Hardy Toll Road Downtown Connector Closer to Becoming a Reality

The Harris County Toll Road Authority (HCTRA) and its General Engineering Consultant, Dannenbaum Engineering Corporation, in cooperation with the City of Houston Public Works and Engineering Department will seek Houston City Council approval for street closures along the proposed route for the Hardy connector into downtown. The vote is expected to appear on the December 5, 2007 council agenda. 

The closures are necessary to allow for construction of the Hardy Toll Road Connector into Houston's Central Business District. The project will provide a much-needed alternative to the heavily congested US-59 and I-45 arteries between northern Harris County and downtown Houston, and is anticipated to reduce traffic on those arteries by more than 35,000 vehicles per day.  HCTRA's current project design includes four lanes (two in each direction) with planned connections to US-59 and the Elysian Viaduct.
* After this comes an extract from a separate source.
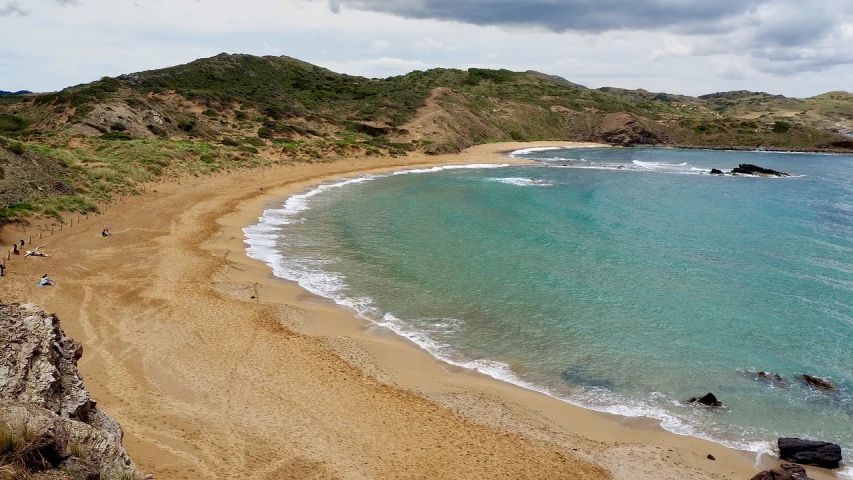 a sandy beach next to the ocean on a cloudy day, renaissance, mediterranean island scenery, múseca illil, sparkling cove, above view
The recommended alignment of the road is mainly within the existing Houston Belt & Terminal (HB&T) railroad corridor, which requires minimal private property acquisition. Additionally, this project will include providing an overpass or underpass of the railroad tracks for Lorraine near Elysian and an overpass of the railroad tracks of Quitman near Elysian.  The Quitman intersection is the No. 1 most-needed overpass according to the Houston Chronicle's October 15 "top ten" list of overpasses needed at street-level railroad crossings.  Furthermore, other planned corridor improvements such as an overpass of the railroad tracks at Collingsworth should allow for traffic improvements at other corridor intersections such as Cavalcade near Elysian, the No. 1 most complained about location on the "top ten" list of locations that trains park on streets, according to the same Houston Chronicle article.

This project has been part of the Toll Road Authority's expansion plans for nearly two decades.  "Working with multiple agencies to deliver a large public project takes time, but recent cooperation between Harris County, the City of Houston, the Texas Department of Transportation, and the affected railroads has finally enabled this project to become reality," said director Gary Stobb.  "The region's transportation partners have worked collaboratively on this worthwhile project and this should be to everyone's benefit." 

Finalization of the street closures represents a major step which will allow the Toll Road Authority to move forward with an agreement with HB&T to relocate the rail line. "Our goal is to have traffic moving into downtown by December 31, 2011," said Stobb.  Construction on the nearly four-mile corridor is expected to begin in August 2009.